* [REQUIRED WORK]: For the records below, output word for word the lines from the one with "Good morning. Today" up to and including the one with "Let's do another". No pictures.

*** Opening of DATA IN THIS EXERCISE ***

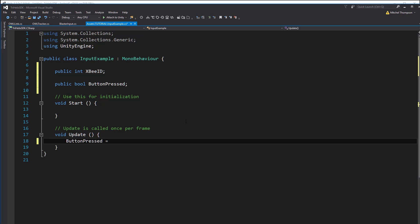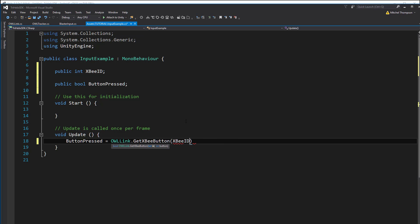Accessing button data can be done statically through OWL link. Simply enter the XB ID and then the button index, which has a value of 0 through 7.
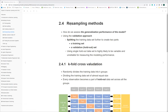Today we're going to start Chapter 2.4 on sampling methods. The sampling method is about how we can assess the generalization performance of the model — it's a process for validating our model's performance.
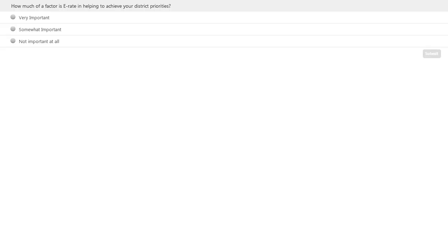Before I turn things over to John, I'm going to ask the members of the audience to answer a quick poll question that will help John get a sense of where you all stand with respect to the eRate program. It's a very simple question: how much of a factor is eRate in helping to achieve your district priorities? You've got just three answers available to you — very, somewhat, or not important at all.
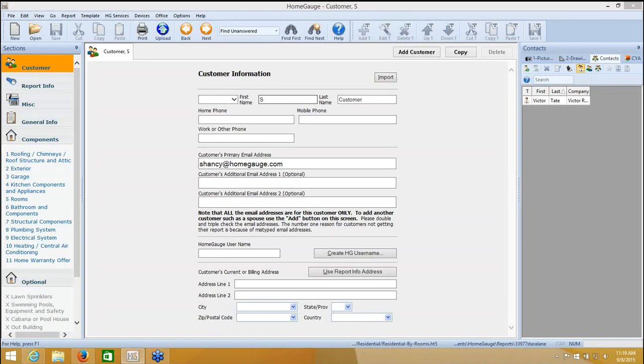Good morning. Today we are going to be covering how to upload and distribute your report using your HomeGage services. This allows you to store the report off your computer and even track when your customer views the document.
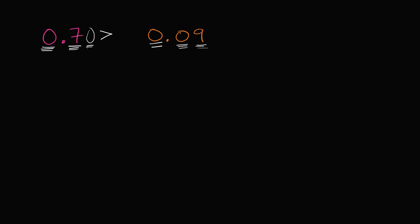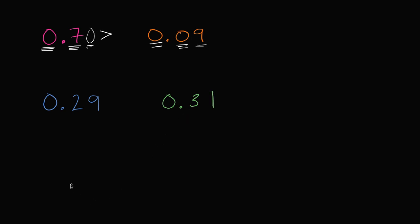Let's do another one of these. Let's say we wanted to compare 0.29, and I want to compare that to 0.31.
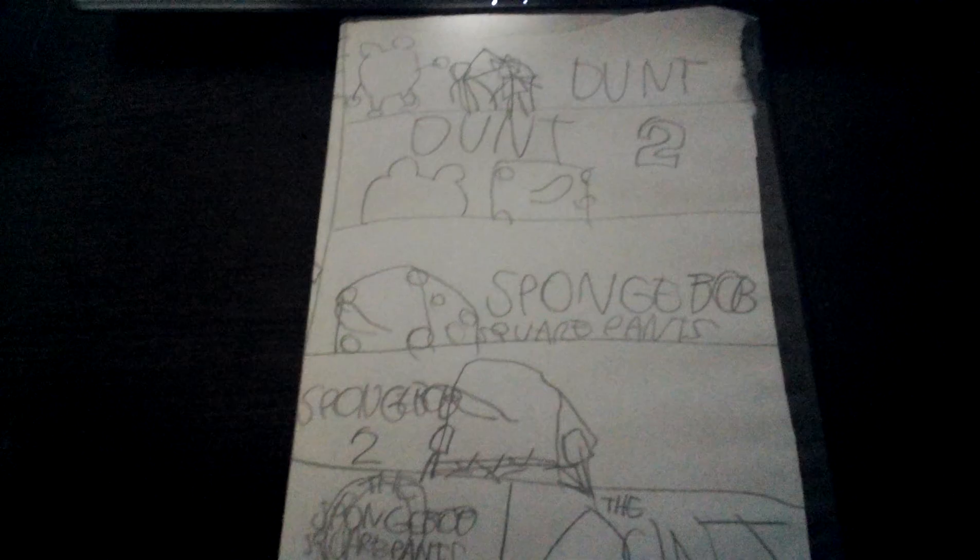Here's the opening for Spongebob and Spongebob 2, 45 minutes later. This is the opening and then see you later. Here's the opening.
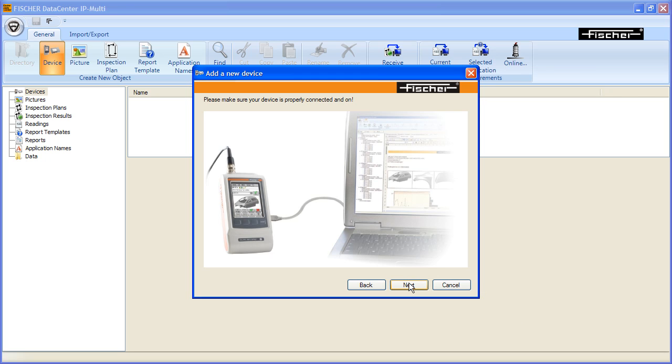Verify once more that your Fischer device is powered up and connected. Then click the Next button.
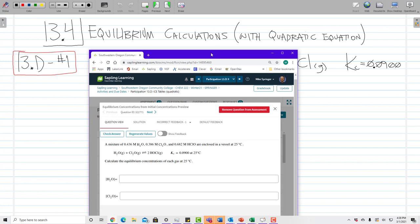In this video I'm going to cover equilibrium calculations with the quadratic equation. Here's a problem from our Sapling learning assignment. A mixture of 0.436 molar H2O, 0.386 molar Cl2O, and 0.682 molar HClO are enclosed in a vessel at 25°C. Here is the equilibrium equation, and Kc equals 0.09 at 25°C.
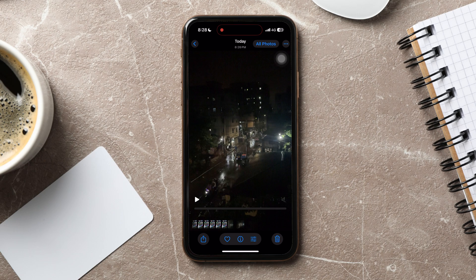Following these steps, you can easily speed up a video on iPhone Camera Roll.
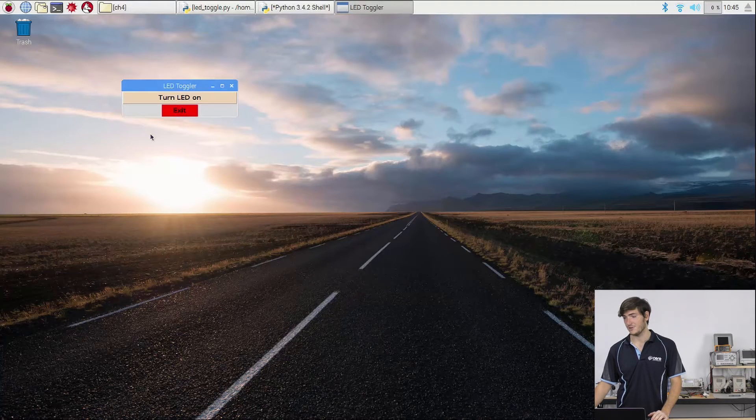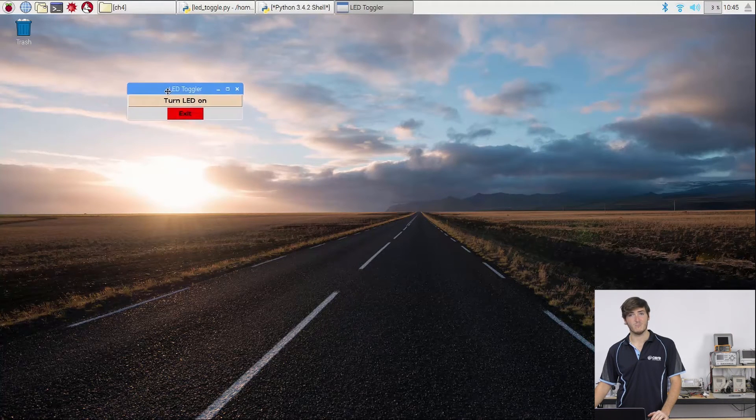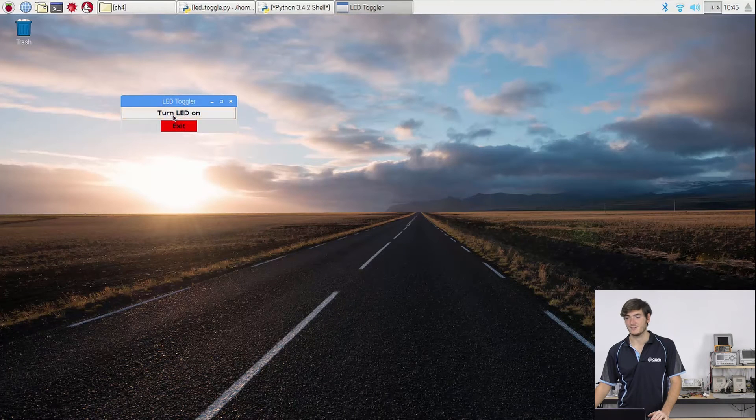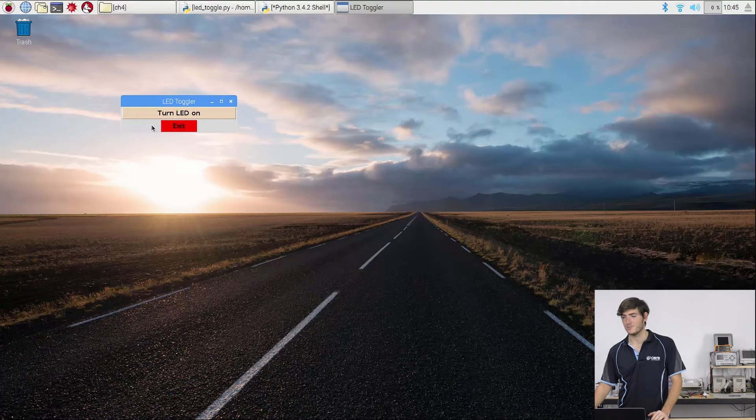Now graphical user interfaces are just like every interface that you've seen on a computer with Windows. So you have a windowed application and in this case I've just got a couple of small buttons just to interact with the program.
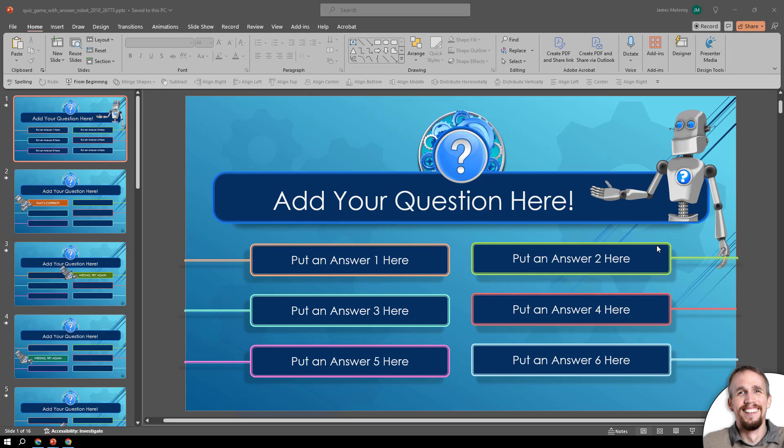Hi, this is Judd with Presenter Media. In this video, I'm going to show you how to edit this question and answer PowerPoint template. So let's get started.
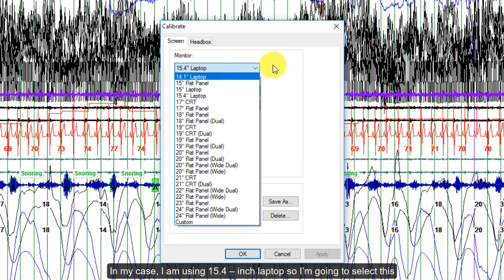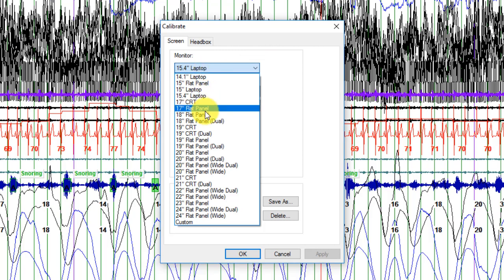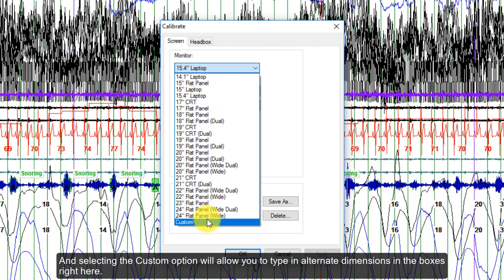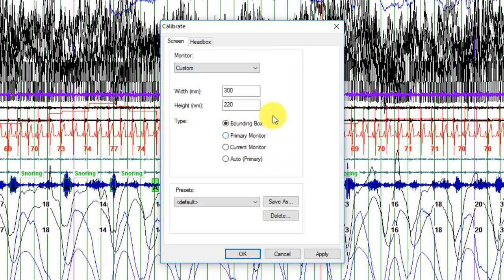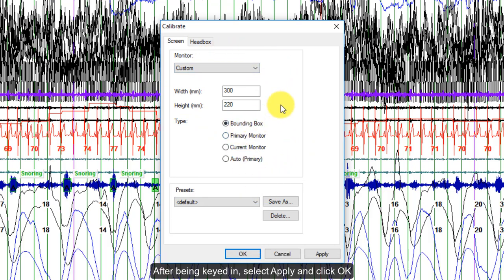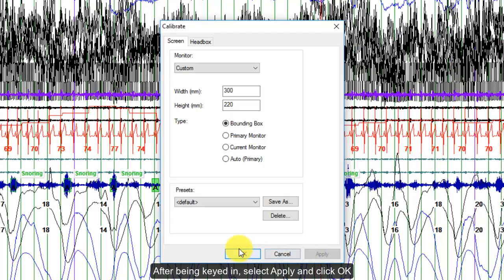In my case, I'm using a 15.4 inch laptop, so I'm going to select this. Selecting the Custom option will allow you to type in alternate dimensions in the boxes. After being keyed in, select Apply and click OK.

*** Close of DATA IN THIS EXERCISE ***

* [OUTPUT BELOW]:
Good morning. Today we are going to be covering how to upload and distribute your report using your HomeGage services. This allows you to store the report off your computer and even track when your customer views the document.
Let's do another one of these. Let's say we wanted to compare 0.29, and I want to compare that to 0.31.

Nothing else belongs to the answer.